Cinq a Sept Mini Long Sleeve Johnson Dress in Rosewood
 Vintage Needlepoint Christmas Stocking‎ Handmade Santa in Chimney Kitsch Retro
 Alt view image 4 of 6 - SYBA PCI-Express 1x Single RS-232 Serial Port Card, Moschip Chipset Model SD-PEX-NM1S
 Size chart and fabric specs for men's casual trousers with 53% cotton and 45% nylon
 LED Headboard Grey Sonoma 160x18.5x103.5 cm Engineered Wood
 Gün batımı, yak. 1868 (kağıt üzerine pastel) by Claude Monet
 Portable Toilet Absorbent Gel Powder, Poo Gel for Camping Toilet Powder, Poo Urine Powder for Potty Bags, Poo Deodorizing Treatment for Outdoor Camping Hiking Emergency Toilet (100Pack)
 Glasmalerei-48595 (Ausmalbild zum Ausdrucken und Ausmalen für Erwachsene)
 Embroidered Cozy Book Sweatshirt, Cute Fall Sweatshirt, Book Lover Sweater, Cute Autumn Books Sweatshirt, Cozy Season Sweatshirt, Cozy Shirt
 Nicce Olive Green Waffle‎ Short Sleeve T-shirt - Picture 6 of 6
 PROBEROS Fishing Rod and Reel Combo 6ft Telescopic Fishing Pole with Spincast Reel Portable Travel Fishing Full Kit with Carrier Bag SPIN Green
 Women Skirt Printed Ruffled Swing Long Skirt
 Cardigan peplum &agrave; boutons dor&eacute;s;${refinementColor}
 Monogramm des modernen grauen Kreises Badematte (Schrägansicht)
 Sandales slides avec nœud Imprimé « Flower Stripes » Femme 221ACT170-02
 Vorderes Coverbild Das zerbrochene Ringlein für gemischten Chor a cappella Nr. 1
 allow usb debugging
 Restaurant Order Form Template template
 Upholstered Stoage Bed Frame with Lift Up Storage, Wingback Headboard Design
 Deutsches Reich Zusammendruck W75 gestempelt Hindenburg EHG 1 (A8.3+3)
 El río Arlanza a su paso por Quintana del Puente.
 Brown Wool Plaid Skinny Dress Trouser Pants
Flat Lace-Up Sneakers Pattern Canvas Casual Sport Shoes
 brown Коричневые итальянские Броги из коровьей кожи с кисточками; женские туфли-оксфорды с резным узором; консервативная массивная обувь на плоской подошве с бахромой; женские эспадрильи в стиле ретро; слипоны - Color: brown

TASK DETAILS: Retype the listing exactly, in full.

THE ANSWER:
Cinq a Sept Mini Long Sleeve Johnson Dress in Rosewood
 Vintage Needlepoint Christmas Stocking‎ Handmade Santa in Chimney Kitsch Retro
 Alt view image 4 of 6 - SYBA PCI-Express 1x Single RS-232 Serial Port Card, Moschip Chipset Model SD-PEX-NM1S
 Size chart and fabric specs for men's casual trousers with 53% cotton and 45% nylon
 LED Headboard Grey Sonoma 160x18.5x103.5 cm Engineered Wood
 Gün batımı, yak. 1868 (kağıt üzerine pastel) by Claude Monet
 Portable Toilet Absorbent Gel Powder, Poo Gel for Camping Toilet Powder, Poo Urine Powder for Potty Bags, Poo Deodorizing Treatment for Outdoor Camping Hiking Emergency Toilet (100Pack)
 Glasmalerei-48595 (Ausmalbild zum Ausdrucken und Ausmalen für Erwachsene)
 Embroidered Cozy Book Sweatshirt, Cute Fall Sweatshirt, Book Lover Sweater, Cute Autumn Books Sweatshirt, Cozy Season Sweatshirt, Cozy Shirt
 Nicce Olive Green Waffle‎ Short Sleeve T-shirt - Picture 6 of 6
 PROBEROS Fishing Rod and Reel Combo 6ft Telescopic Fishing Pole with Spincast Reel Portable Travel Fishing Full Kit with Carrier Bag SPIN Green
 Women Skirt Printed Ruffled Swing Long Skirt
 Cardigan peplum &agrave; boutons dor&eacute;s;${refinementColor}
 Monogramm des modernen grauen Kreises Badematte (Schrägansicht)
 Sandales slides avec nœud Imprimé « Flower Stripes » Femme 221ACT170-02
 Vorderes Coverbild Das zerbrochene Ringlein für gemischten Chor a cappella Nr. 1
 allow usb debugging
 Restaurant Order Form Template template
 Upholstered Stoage Bed Frame with Lift Up Storage, Wingback Headboard Design
 Deutsches Reich Zusammendruck W75 gestempelt Hindenburg EHG 1 (A8.3+3)
 El río Arlanza a su paso por Quintana del Puente.
 Brown Wool Plaid Skinny Dress Trouser Pants
Flat Lace-Up Sneakers Pattern Canvas Casual Sport Shoes
 brown Коричневые итальянские Броги из коровьей кожи с кисточками; женские туфли-оксфорды с резным узором; консервативная массивная обувь на плоской подошве с бахромой; женские эспадрильи в стиле ретро; слипоны - Color: brown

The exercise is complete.